Does anyone even keep their keyrings, magnets, or teddys holding an ‘I love berlin’ heart? Unless someone specifically collects tacky things, I avoid buying them for people.
On my recent trip to Germany I had promised a lot of people Christmas gifts to avoid having to spend my pre-holiday money. I only have medium size luggage, so had to restrain myself from buying any bulky items. As a pretty decent gift giver, here is a list of suggestions if you are unsure what to buy friends back home (most items mentioned are in the pictures):
Specifically from the Medieval Christmas Markets in Dresden, I bought a bunch of beautiful handmade pottery for my girlfriends back home. A man has a stall there selling his wife’s work.
There are so many Christmas shops in Germany with the most beautiful ornaments. I bought a pretzel one and my Mum bought me a bunch of pink pinecones. Quite expensive though, pretzel ornament was around $10 AUD.
For your baking friends, there are a lot of cookie cutter stalls all over Germany. I bought a lot for myself.
Ritter Sport seems to be the popular one to buy. You can buy it back home in Australia but there are so many more flavours in Germany. I tried to find flavours I hadn’t seen back home.
A German factory worker invented Gummi Bears in the 1920s and created the company HARIBO. There are a lot of different flavours you can buy; I made sure to stock up.
Nuremberg Lebkuchen is a traditional famous gingerbread. They are a large soft gingerbread cookies with a piece of rice paper at the base. Best to have them fresh from the Christmas markets. I tried one when I got home and it wasn’t as nice. They cost around $5 AUD for one.
Christmas market cups
The mugs you have your gluhwein or hot chocolate in can be taken home. Each market have their own cup made each year and you pay around an extra 3 euro to keep it. I kept four, and I’m giving one away.
Hugo Boss is a luxury German fashion brand. There are a lot of stores throughout Germany. Even though you can get it back home, I bought a belt for a friend.
Art prints from the market
There are a lot of cool shops around selling posters and prints (one interesting store is Schee). I ended up buying art prints from the Mauerpark Flea Markets (open on Sunday). In my opinion this is the best market to buy gifts from. It’s huge. A good mix of second hand junk, home made crafts, local art, and food stalls. It’s actually the best market I’ve ever been to.

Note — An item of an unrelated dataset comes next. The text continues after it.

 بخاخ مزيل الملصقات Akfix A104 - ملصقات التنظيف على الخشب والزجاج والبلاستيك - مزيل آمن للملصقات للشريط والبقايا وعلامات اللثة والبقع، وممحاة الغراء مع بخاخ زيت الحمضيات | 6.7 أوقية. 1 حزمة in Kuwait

There are two items I bought that go against my no-tacky-crap rule:
- A small witch ornament from Wernigerode. Apparently back in the day witches used to gather once a year at the top of the Harz Mountain in Broken to celebrate the end of winter. The town sells a lot of witchy things.
- A piece of the Berlin Wall. It’s only small, and it might not even be from the wall, but it’s a bit more meaningful than a keyring.
Other items I would have bought but had no one to give them to:
Slyrs Whisky – there is a distillery at Schliersee lake. I didn’t go there but the only place I saw this whisky was in Rothenburg Ob Der Tauber at a medieval store.
Knives –hard to find ones that we don’t have back home already though.